Osteogenesis imperfecta is a genetic disease that is manifested by increased bone fragility, low bone mass and other manifestations of connective tissue. 85-90% are associated with pathogenic variants of the COL1A1 and COL1A2 genes and lead to defects in collagen type 1. Case report: 30-year-old female patient. Diagnosed nanosomia at 5 years old. MRI of the pituitary gland - empty cells, with an ectopic neurohypophysis. At the age of 12, a curvature of the lower legs was observed. She has blue sclerae, a triangular face. Several doses of growth hormone were given due to hypopituitarism. It prevented the occurrence of fractures.

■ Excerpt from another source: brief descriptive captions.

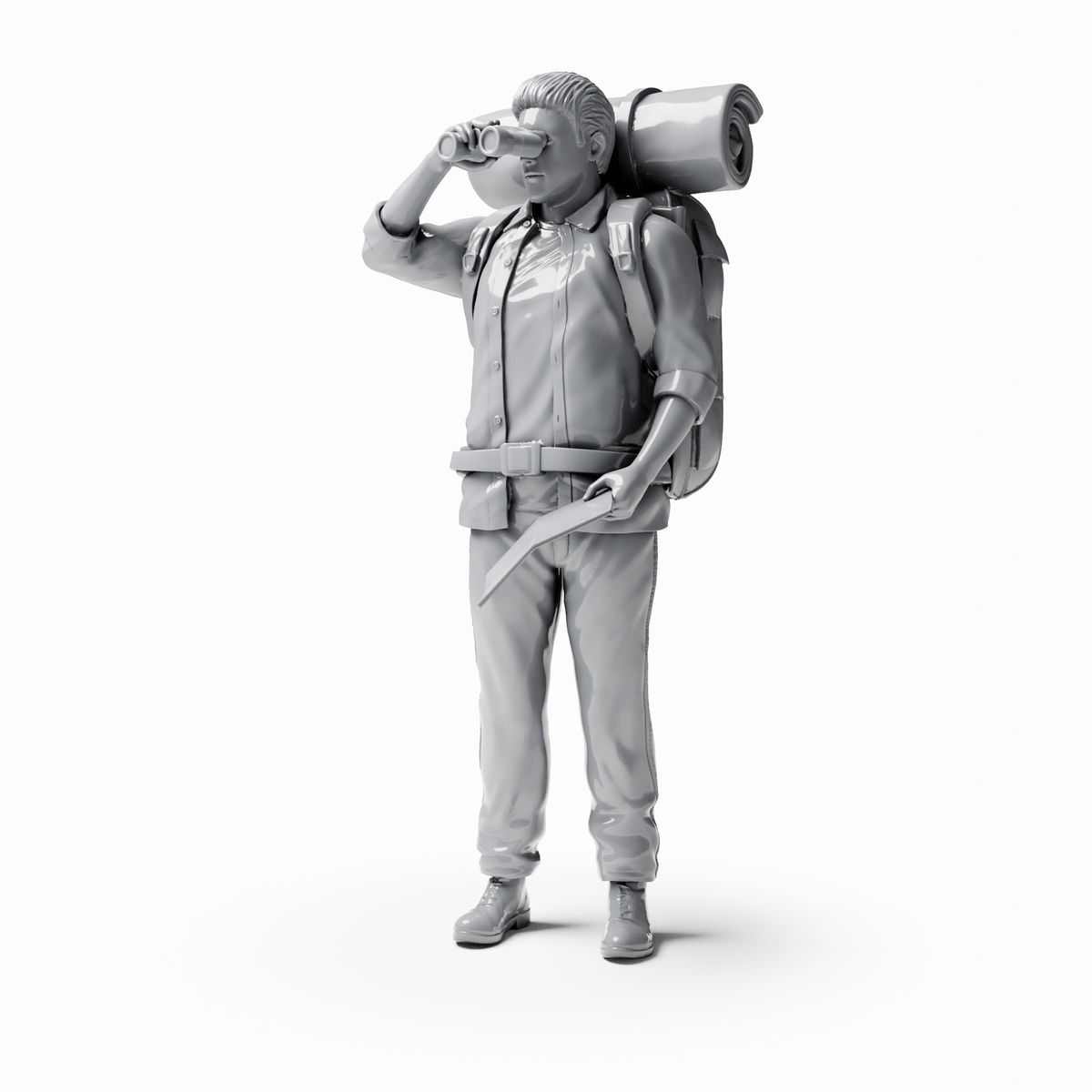 3drifter-miniatures Wanderer Figurenansicht 1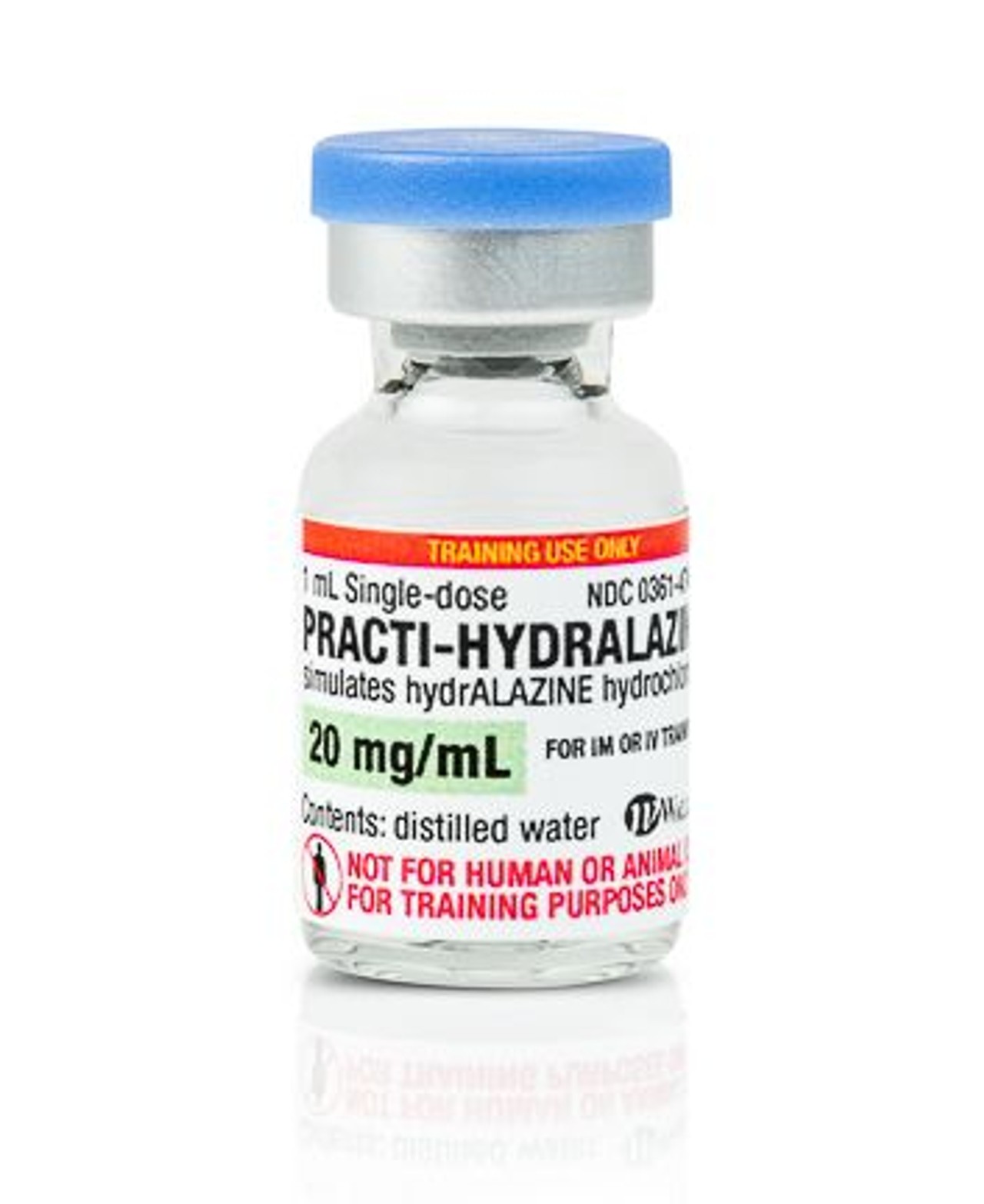 Practi-Hydralazine (20 mg/mL)  1 mL Vial - 40 Count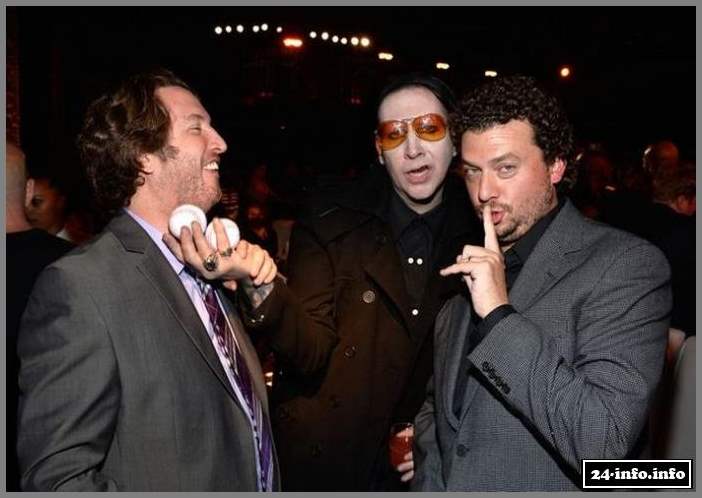 Мэрилин Мэнсон без грима и макияжа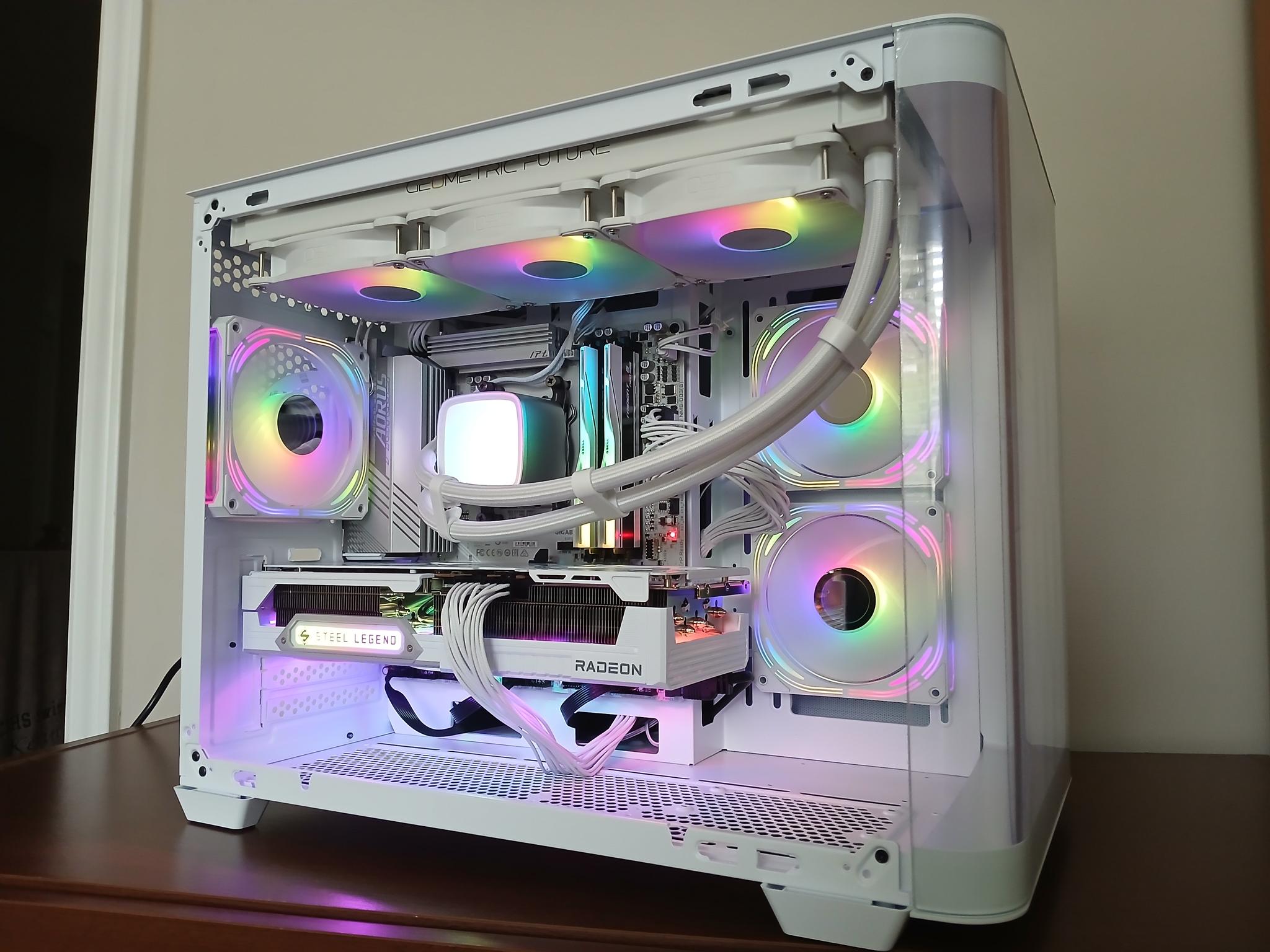 4K Ice White | RX 9070XT 16GB | Ryzen 5 7600X3D | 32GB RAM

In puberty, she got curvature of the lower legs (microfractures or insufficient deposit of calcium in the grown bone due to a mild form of osteogenesis imperfecta type 1). FRACTURES: Condition after a fracture of the right radius in the distal part and the styloid process of the right ulna conservatively resolved with plaster immobilization (2017 year), Fractura et VLC phalangis distalis digiti mani IV lat. dex., Contusio reg. phalangis digiti minimi l. dex.(2015 year), St post conquasatio dig. IV , V manii dex (2015 year), St. post fracturam radii part distalis (2014 year). Positive family history-cousin, nephews of cousin with osteogenesis imperfecta. DXA- Т score on vertebrae=-3.7; on left femur=-0.2; on right femur=-0.4. Discussion: Osteogenesis imperfecta should be considered in patients with frequent fractures. Conclusion: Bisphosphonate treatment reduces fracture rates. New antiresorptive and anabolic agents are being investigated, but the efficacy and safety of these drugs need to be better established.